§ What needs to be done:
With both ends included, transcribe exactly the records below from their first line to the line that contains "SAKN 8 - Two Bedroom Apartment - image 14".

§ Source data:
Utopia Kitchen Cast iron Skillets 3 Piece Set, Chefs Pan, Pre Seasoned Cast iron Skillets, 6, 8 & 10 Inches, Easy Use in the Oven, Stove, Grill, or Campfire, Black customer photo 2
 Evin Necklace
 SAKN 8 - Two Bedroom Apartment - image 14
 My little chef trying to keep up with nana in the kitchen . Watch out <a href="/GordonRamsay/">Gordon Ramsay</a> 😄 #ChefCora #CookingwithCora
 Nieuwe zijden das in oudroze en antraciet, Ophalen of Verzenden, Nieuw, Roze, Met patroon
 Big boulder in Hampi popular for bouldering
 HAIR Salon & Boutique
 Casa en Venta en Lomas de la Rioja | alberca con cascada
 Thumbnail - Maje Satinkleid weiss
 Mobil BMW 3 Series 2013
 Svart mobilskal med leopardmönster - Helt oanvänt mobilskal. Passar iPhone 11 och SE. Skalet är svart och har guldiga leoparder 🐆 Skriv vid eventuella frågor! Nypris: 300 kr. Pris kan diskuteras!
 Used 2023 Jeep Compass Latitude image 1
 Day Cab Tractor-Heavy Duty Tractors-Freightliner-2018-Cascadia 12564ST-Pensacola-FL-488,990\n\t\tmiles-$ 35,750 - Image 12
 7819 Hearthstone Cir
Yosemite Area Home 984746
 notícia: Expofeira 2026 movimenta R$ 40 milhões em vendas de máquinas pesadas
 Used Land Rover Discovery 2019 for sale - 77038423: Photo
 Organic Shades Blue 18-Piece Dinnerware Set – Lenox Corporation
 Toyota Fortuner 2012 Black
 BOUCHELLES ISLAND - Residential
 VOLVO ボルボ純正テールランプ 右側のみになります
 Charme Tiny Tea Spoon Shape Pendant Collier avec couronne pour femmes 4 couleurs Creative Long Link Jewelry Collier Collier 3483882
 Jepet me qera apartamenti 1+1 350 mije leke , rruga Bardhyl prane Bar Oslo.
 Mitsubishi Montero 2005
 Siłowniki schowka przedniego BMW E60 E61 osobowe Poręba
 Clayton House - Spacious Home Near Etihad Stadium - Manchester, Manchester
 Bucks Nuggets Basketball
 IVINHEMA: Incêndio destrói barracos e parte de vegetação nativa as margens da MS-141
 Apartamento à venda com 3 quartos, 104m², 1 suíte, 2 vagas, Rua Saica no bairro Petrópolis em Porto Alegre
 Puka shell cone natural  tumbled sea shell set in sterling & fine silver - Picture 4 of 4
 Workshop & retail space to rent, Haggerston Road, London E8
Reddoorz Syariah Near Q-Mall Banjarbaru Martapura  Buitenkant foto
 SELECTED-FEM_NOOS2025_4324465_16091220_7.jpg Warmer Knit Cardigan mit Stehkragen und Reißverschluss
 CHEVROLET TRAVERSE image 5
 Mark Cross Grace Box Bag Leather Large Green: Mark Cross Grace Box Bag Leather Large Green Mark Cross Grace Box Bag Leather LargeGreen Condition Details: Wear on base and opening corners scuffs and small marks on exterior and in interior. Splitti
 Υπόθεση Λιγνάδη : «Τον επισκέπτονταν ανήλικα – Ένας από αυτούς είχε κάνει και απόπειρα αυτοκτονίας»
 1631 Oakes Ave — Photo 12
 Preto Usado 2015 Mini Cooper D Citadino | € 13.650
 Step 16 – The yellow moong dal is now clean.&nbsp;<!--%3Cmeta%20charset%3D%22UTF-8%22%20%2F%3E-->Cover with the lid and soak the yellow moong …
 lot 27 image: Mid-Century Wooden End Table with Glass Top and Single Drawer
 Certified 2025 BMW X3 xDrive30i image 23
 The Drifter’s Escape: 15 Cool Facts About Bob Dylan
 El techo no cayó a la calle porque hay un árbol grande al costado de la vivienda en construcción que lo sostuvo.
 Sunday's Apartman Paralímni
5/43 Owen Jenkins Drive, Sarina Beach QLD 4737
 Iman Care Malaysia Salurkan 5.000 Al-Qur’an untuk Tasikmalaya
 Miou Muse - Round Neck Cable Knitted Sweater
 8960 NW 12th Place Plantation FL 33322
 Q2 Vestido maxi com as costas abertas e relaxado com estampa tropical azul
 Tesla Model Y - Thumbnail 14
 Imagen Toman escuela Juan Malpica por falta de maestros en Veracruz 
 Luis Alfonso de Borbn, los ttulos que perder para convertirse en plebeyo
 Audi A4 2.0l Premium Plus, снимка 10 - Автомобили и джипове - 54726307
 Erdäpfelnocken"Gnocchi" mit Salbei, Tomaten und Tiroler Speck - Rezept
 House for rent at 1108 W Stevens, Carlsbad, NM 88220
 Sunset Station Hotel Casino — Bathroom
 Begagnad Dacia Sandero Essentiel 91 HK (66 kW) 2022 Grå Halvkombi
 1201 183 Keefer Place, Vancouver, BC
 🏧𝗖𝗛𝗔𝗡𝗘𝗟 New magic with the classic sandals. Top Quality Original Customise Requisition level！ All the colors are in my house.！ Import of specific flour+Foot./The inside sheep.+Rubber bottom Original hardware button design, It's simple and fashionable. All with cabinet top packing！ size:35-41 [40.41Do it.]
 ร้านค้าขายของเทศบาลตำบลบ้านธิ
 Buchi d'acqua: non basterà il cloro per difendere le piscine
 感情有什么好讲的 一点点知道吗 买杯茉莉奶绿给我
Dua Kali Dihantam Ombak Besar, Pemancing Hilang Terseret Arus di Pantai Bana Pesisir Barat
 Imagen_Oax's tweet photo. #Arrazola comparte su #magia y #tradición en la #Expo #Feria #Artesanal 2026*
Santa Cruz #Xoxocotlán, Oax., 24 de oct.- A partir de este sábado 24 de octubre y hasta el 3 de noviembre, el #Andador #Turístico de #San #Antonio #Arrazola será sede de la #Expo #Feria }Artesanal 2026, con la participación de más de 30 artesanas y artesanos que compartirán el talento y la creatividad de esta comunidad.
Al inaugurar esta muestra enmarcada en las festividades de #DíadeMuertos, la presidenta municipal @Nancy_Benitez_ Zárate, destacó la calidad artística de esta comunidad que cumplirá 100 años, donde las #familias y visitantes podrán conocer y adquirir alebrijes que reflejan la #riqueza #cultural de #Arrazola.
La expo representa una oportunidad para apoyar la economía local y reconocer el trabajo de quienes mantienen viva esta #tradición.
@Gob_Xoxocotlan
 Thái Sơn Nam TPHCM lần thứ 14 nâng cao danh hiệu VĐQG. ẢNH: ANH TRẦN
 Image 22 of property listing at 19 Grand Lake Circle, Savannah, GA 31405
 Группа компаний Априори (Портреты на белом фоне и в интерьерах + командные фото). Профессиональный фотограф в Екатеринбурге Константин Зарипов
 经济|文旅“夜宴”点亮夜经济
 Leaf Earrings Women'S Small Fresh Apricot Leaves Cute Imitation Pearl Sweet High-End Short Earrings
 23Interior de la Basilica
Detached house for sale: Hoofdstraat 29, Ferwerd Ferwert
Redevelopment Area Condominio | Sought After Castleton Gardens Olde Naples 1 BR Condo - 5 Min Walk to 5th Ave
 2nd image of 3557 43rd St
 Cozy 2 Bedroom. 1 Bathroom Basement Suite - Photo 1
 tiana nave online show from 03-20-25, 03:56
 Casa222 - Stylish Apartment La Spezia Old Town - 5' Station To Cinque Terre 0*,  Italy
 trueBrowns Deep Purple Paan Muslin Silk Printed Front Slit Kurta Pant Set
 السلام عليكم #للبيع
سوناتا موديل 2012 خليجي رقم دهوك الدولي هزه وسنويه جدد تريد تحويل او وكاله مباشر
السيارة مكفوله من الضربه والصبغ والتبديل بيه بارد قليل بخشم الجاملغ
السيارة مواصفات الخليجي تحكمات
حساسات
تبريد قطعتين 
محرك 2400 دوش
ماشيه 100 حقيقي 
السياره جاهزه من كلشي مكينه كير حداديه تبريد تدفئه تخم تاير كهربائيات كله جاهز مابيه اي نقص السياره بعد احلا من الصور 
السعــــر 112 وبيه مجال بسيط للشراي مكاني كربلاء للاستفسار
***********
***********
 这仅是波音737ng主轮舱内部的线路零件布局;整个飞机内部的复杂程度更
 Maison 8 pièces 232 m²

§ Reply to the task:
Utopia Kitchen Cast iron Skillets 3 Piece Set, Chefs Pan, Pre Seasoned Cast iron Skillets, 6, 8 & 10 Inches, Easy Use in the Oven, Stove, Grill, or Campfire, Black customer photo 2
 Evin Necklace
 SAKN 8 - Two Bedroom Apartment - image 14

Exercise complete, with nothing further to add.